Total Shareholder Return
Performance ranking vs. Peer Group
Multiple of 50% of the Target Award
90th to 99th percentile
2.0x
80th to 89th percentile
1.75x
70th to 79th percentile
1.5x
60th to 69th percentile
1.25x
50th to 59th percentile
1.0x
40th to 49th percentile
.5x
30th to 39th percentile
.25x
Below 30th percentile
0x

If the Company’s TSR rank falls between the measuring points on the foregoing schedule, the percentage vesting will be based on linear interpolation.     
4.
Performance Units Based on Comparative Revenue Growth to the Peer Group.

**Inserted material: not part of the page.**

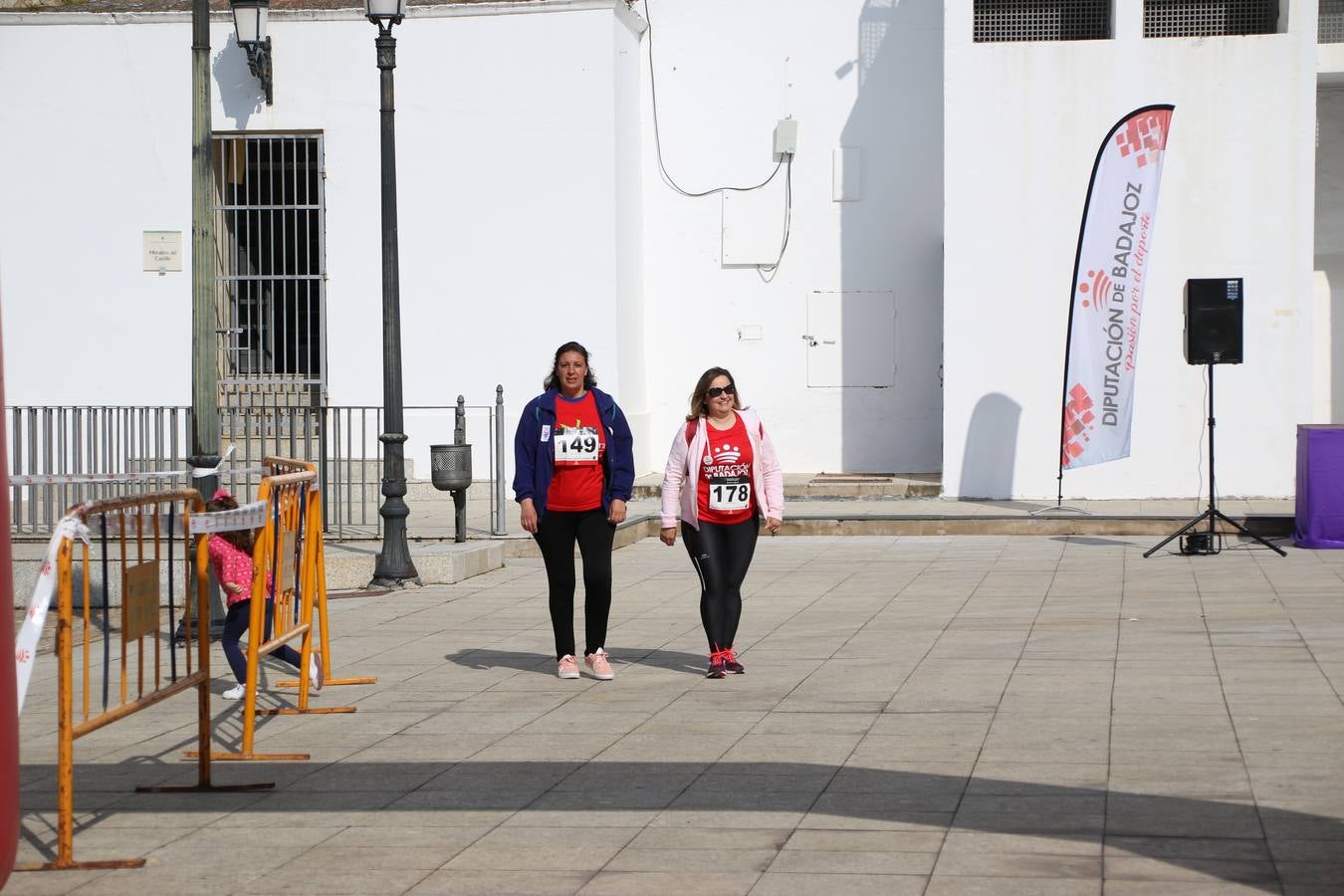 Jerez de los Caballeros ha acogido, esta mañana, la 'I Carrera de la Mujer', enmarcada dentro del programa 'Mujer y Deporte' de la Diputación de Badajoz y bajo el lema 'Nuestra meta, la igualdad'. Más de 300 personas, de todas las edades, se han dado cita en la Plaza de la Alcazaba y han recorrido las calles del municipio en una jornada que ha aunado deporte, solidaridad y reivindicación.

Performance for 50% of the Target Award of Performance Units (the “Revenue Portion”) shall be earned based on the Company’s cumulative revenue growth over the Performance Period as compared to the cumulative revenue growth of the companies that are in the Peer Group on the last day of the Performance Period. The Revenue Portion shall vest according to the following schedule:






Revenue Growth
Performance ranking vs. Peer Group
Multiple of 50% of the Target Award
90th to 99th percentile
2.0x
80th to 89th percentile
1.75x
70th to 79th percentile
1.5x
60th to 69th percentile
1.0x
50th to 59th percentile
.5x
40th to 49th percentile
.25x
30th to 39th percentile
0x
Below 30th percentile
0x

If the Company’s cumulative revenue growth rank falls between the measuring points on the foregoing schedule, the percentage vesting will be based on linear interpolation.
5.
General Vesting Terms. Notwithstanding the foregoing, if the Company’s TSR is negative for the Performance Period, the Performance Units may not vest above the Target Award. No vesting shall occur unless and until the Committee certifies that the Performance Goals have been achieved. Any fractional Performance Unit resulting from the vesting of the Performance Units shall be rounded down to the nearest whole number. Any portion of the Performance Units that does not vest as of the end of the Performance Period shall be forfeited as of the end of the Performance Period. In no event shall the maximum number of Performance Units that may be payable pursuant to this Grant Letter exceed 200% of the Target Award.